Classification prompt builder
Reliable LLM classification depends on three things: an explicit label set, tie-breaking rules so the model never invents a label or refuses, and a strict output format so the result is machine-parseable. A loose prompt like “is this positive or negative?” works in a demo but breaks in production. This builder produces a structured prompt that holds up across thousands of inputs.
How it works
You define the labels the model must choose from and, optionally, a few
examples in text => label form for few-shot prompting. The tool wraps these
in a prompt that pins the model to your label set, adds tie-breaking and
fallback rules, and specifies either a bare label or a JSON object with a
confidence score.

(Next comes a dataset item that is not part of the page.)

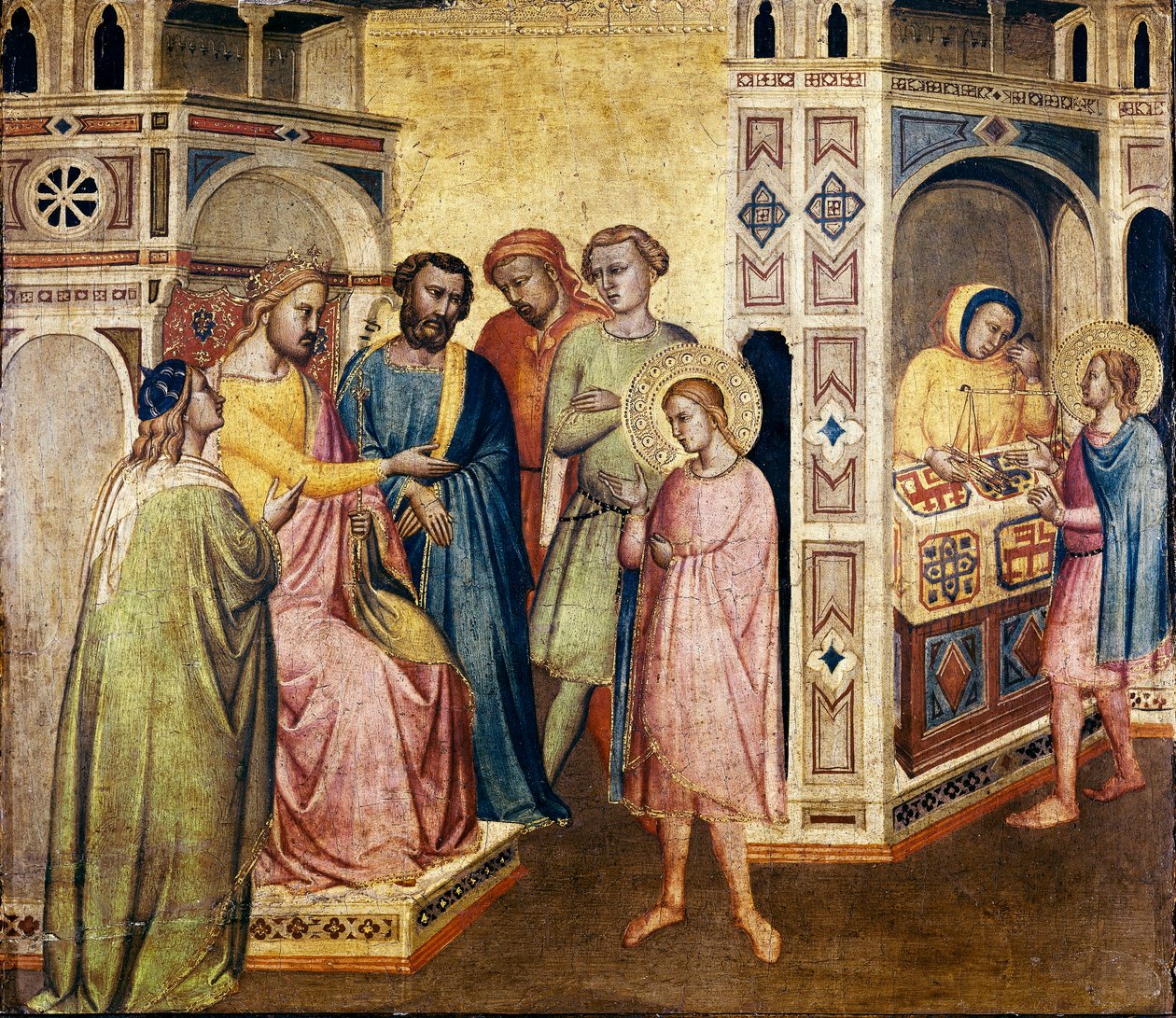 San Eligio ante el Rey Clotario, c.1365 de Taddeo Gaddi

The example block is rendered in the exact output format you
chose, so the model’s pattern-matching reinforces the format you want.
Tips and notes
- Keep labels mutually exclusive. Overlapping labels force arbitrary choices and lower agreement. If two labels often co-occur, consider a multi-label setup instead.
- Use JSON mode for pipelines. The confidence score lets you auto-accept high-confidence predictions and route the rest to a human.
- Three to five examples is usually enough. Cover your trickiest edge cases rather than the obvious ones — the obvious cases rarely need demonstrating.
- Validate the output. Even with strict instructions, check that the returned label is in your set before using it downstream.